If you’re a regular reader of this blog, you probably know that I’m not a big fan of the intense specialization increasingly going on today in the world of youth sports.  (See “Long Live the 3-Sport Athlete” at  //www.hyde.edu/2014/04/18/malcolms-blog/long-live-the-3-sport-athlete/ )

Here’s three reasons (and I have more) I’m uncomfortable with this trend:
1. It results in the law of diminishing returns;
2. It kills the fun in the given sport, often resulting in burn-out;
3. It can fuel a “center-of-the-universe” attitude among young athletes. (And speaking of “and I have more”… Don’t even get me started on the parents.)

During the past couple of weeks I had two experiences that left me thinking, “Man, this is the way sports should be.”

9/19/15 – The Ragged Mountain Scuttle in Camden, Maine
This is a unique 5K obstacle course at the Camden Snow Bowl.

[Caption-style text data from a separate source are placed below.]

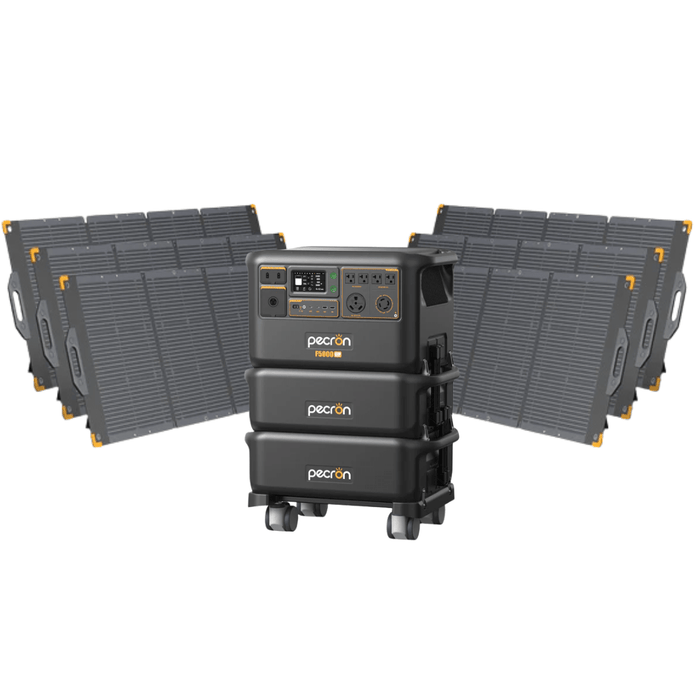 Pecron F5000LFP 7200W 5120Wh 120V/240V Portable Power Station - Off Grid Stores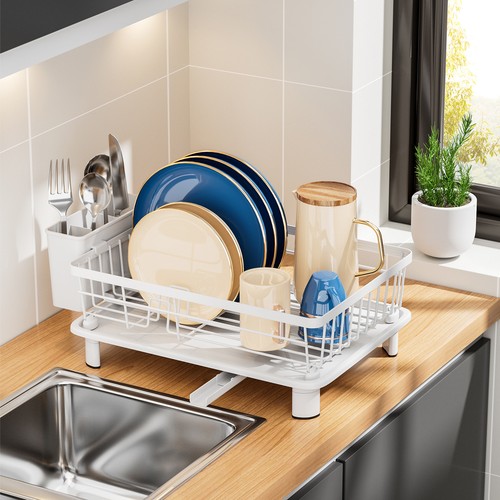 Kitchen sink dish drainer - kitchen, rack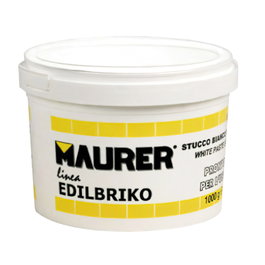 MAURER Mastic plastique blanc Edil Maurer (Pot 1,0 kg)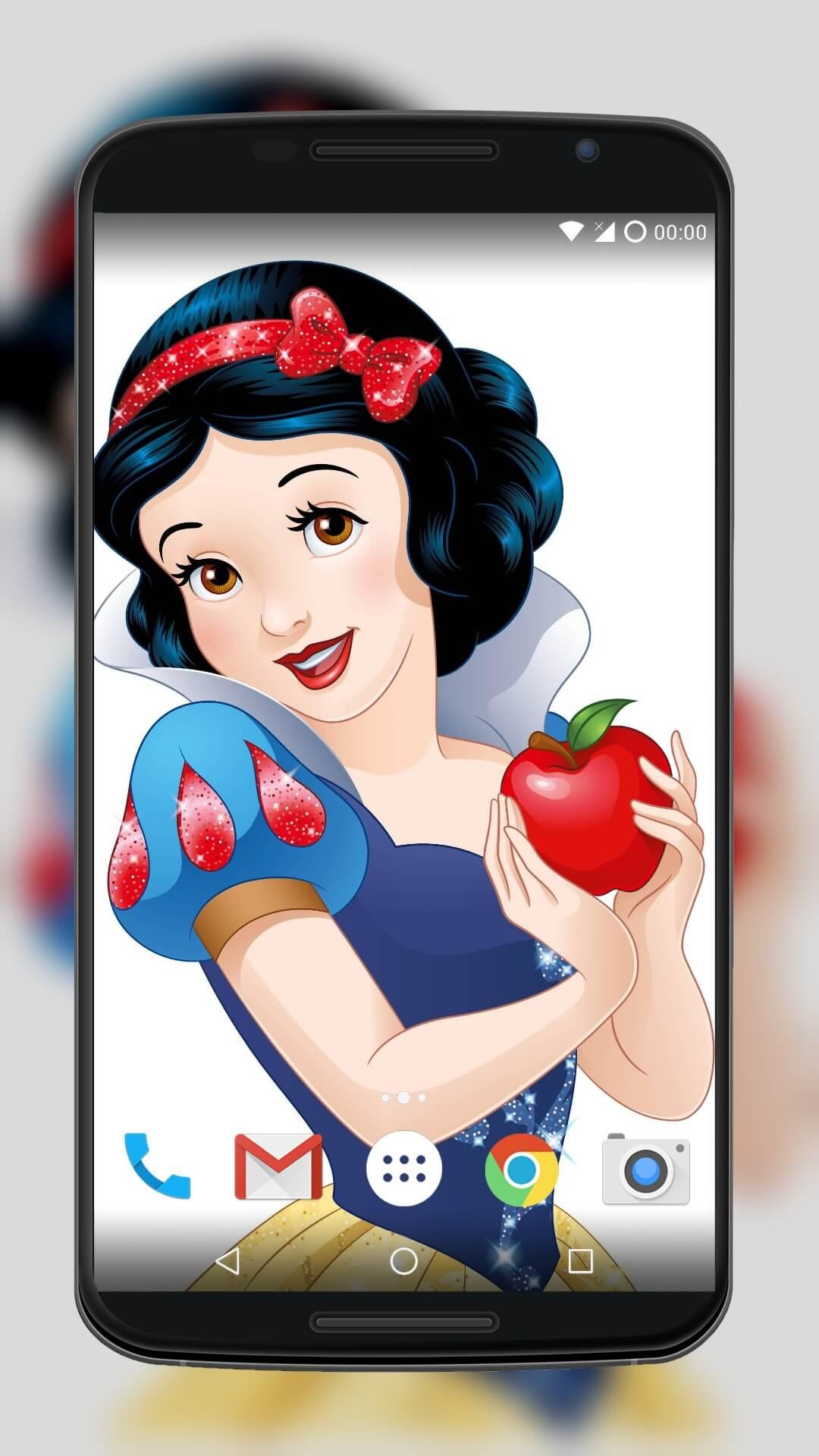 اسکرین شات 8 برنامه Princess Wallpaper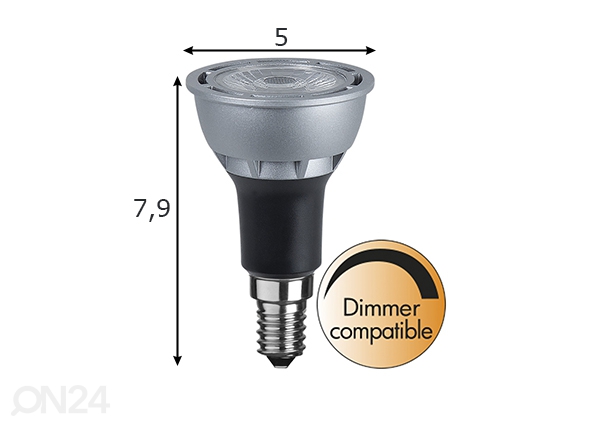 LED лампочка для точечного света E14 7 Вт размеры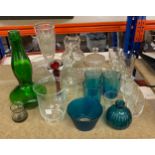 Large selection of glassware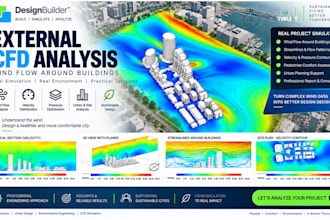 perform cfd analysis for building airflow and thermal comfort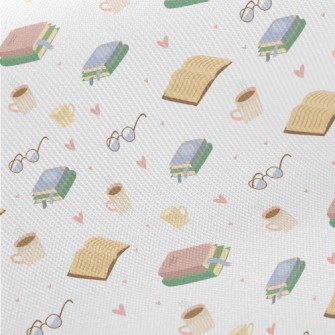 Afternoon Tea Reading Time Midweight Cotton Poplin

Running along the mountain trails, one is challenged by 20 obstacles ranging from climbing over walls to crawling under barriers to hoisting weighted pulls. (A particularly tough one requires participants to carry a tire up and down a very steep 150+- foot grade.)

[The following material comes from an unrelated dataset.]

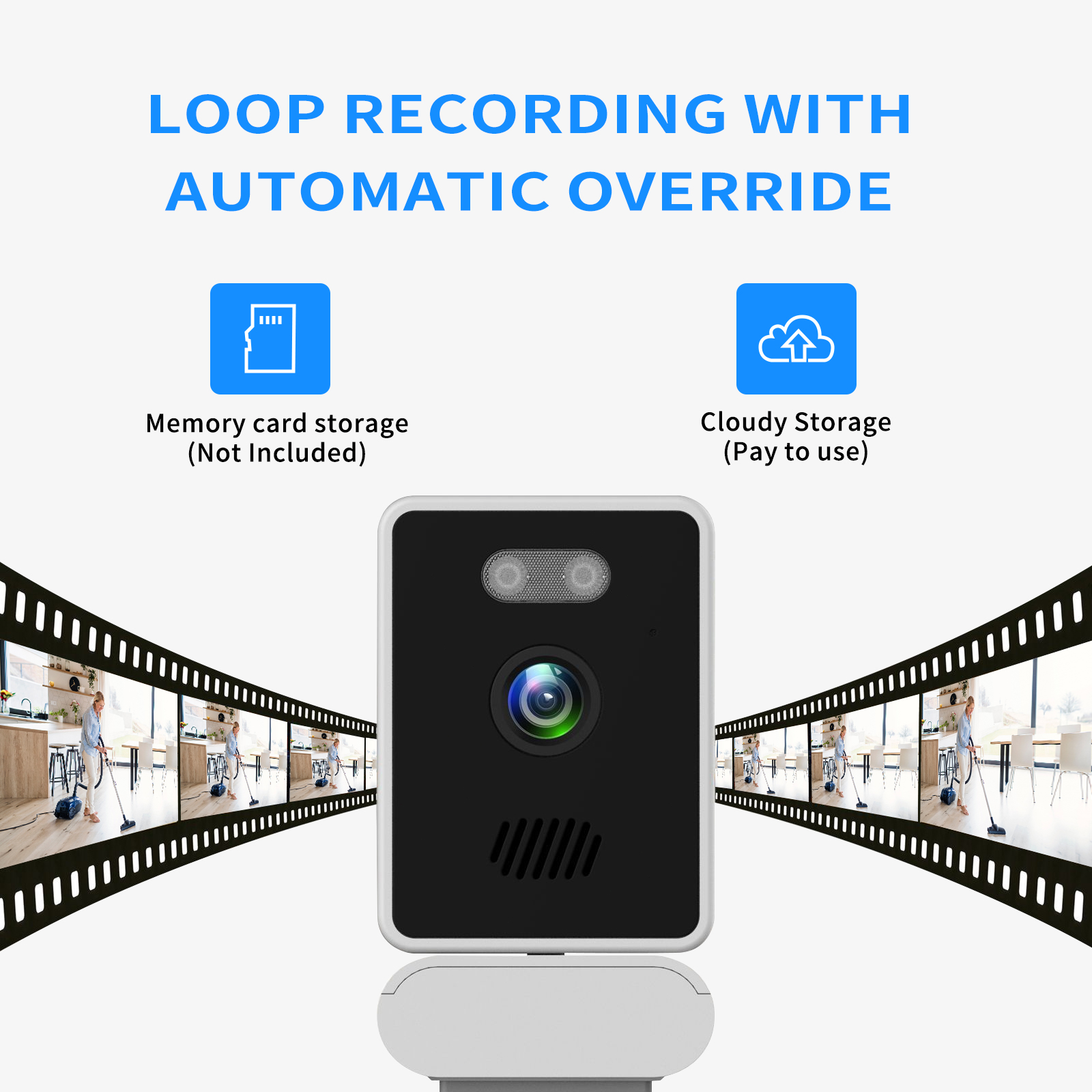 Window Security Camera with HD Night Vision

Anyway, I can’t say for sure what possessed me, but I agreed to join Hyde-Bath cross-country coach McKayla Nuffer and the JV boys cross-country team in tackling this course.  At first, I was thinking that it was just a rigorous 5K jog through the woods… Uh-uh… It quickly became clear that it was going to be lot tougher than that. (And added to the challenge was the fact that it was an unseasonably hot and humid day.)

At the beginning, the students seemed less than excited to be spending their Saturday morning doing “The Scuttle.” However at the end of it all, it was obvious that they were proud of the fact that each one of them had completed the course. (Hey, some of them were even willing to admit it!)

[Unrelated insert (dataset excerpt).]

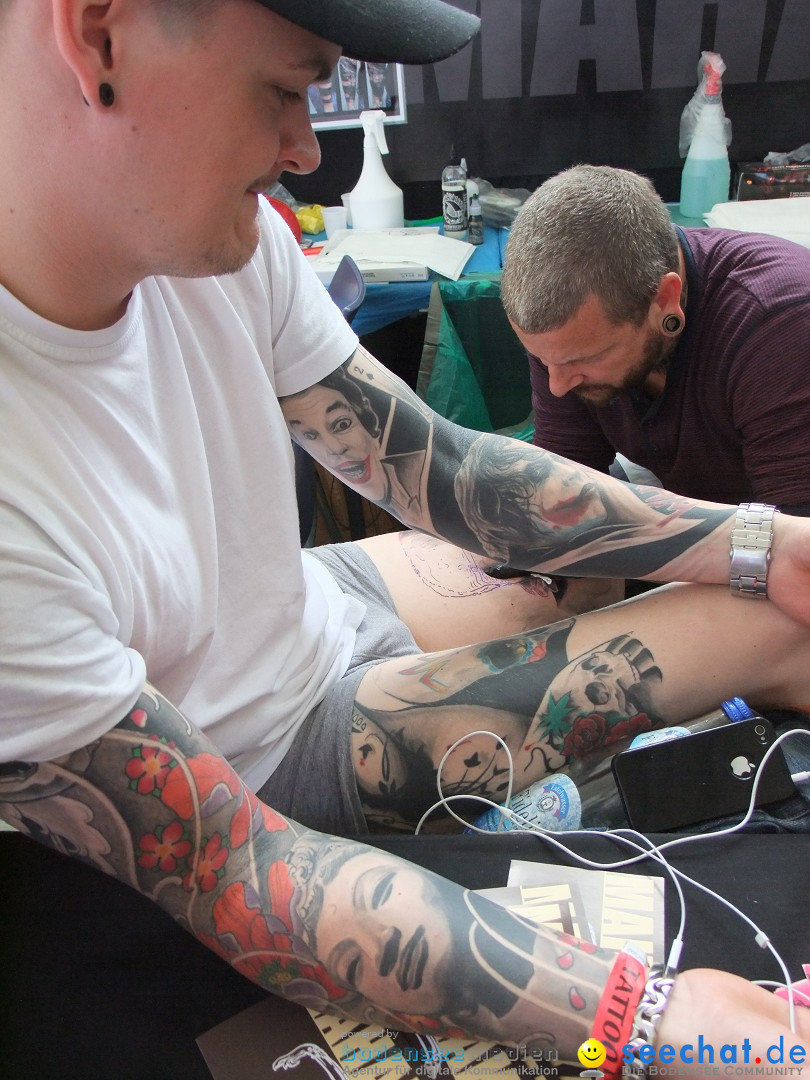 Tattoo Convention Bodensee 2012 - Schiffe: Friedrichshafen, 08.07.2012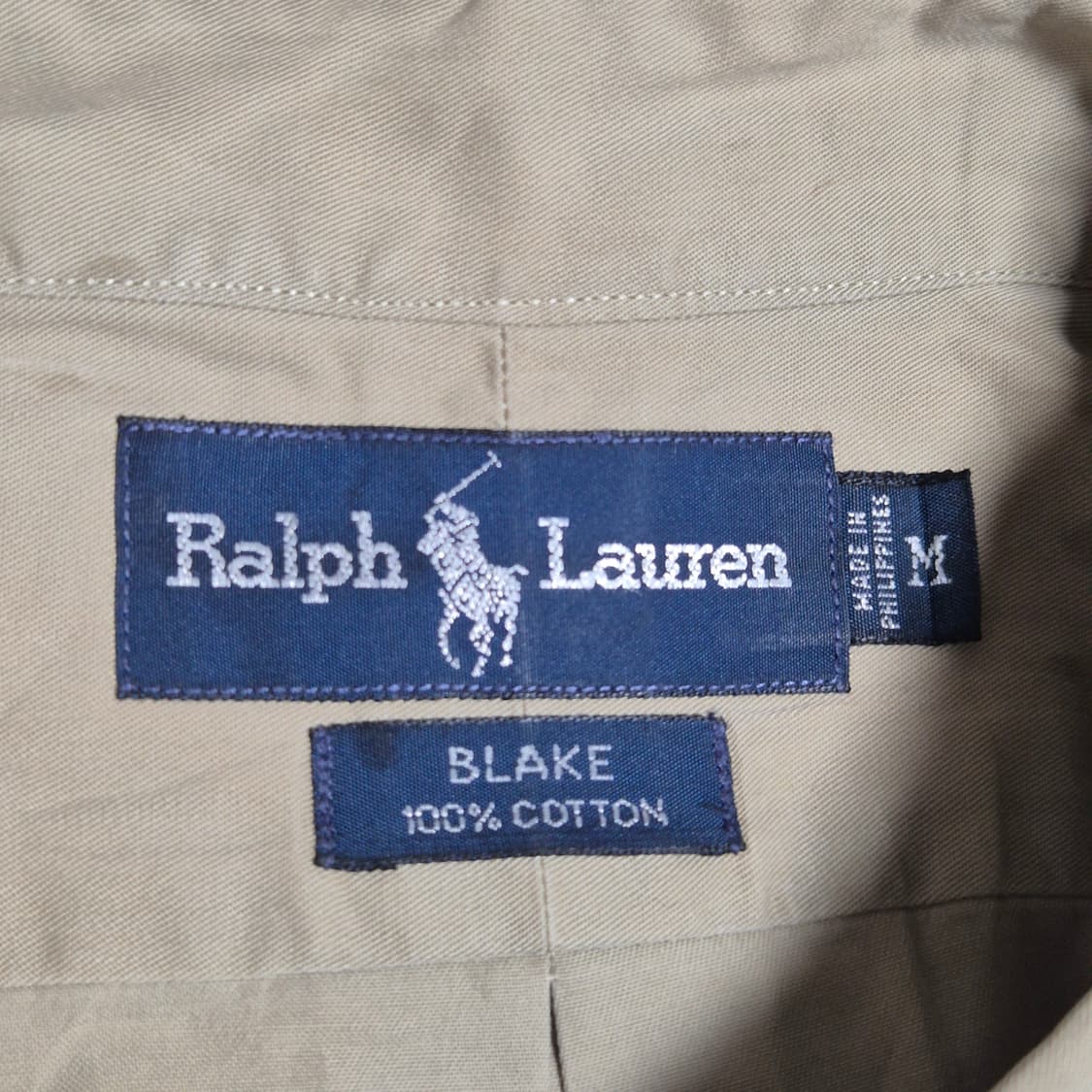 [M] 폴로 박스핏 블레이크 베이지 셔츠 -502 상품이미지3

9/28/15 – JV Football vs. Lincoln County Club
Back in the late 90s, Bath faculty members Bud Cox, Bob Felt ’90, and Mike Dawes used to talk enthusiastically about this phenomenon they called “The Zen of JV Football.”  They carried the tradition to Woodstock a decade or so ago. On face value, the whole thing amounted to little more than an intense esprit de corps with some great humor (e.g., the hilarious JV nicknaming ceremony where each player received the nickname that would be his for life!) mixed in. On a deeper level, the approach fostered both a love and knowledge of a game that most of the participants would never be playing in any other school setting.

I’m positive that all three of those guys would love to have watched the recent game I saw versus the Lincoln County Club JV team on the Bath turf.  It was two evenly matched teams, neither with any stars, going at it hard and clean. Everybody got lots of playing time and the score was close.  In fact, the game wasn’t decided until the last play of the game when Lincoln connected on a “Hail Mary” end zone bomb. I dropped by in the first quarter intending to watch a few plays and wound up watching the whole thing. It was a bunch of teenagers of varying abilities having a lot of fun playing a challenging sport. Hmmm… What a concept!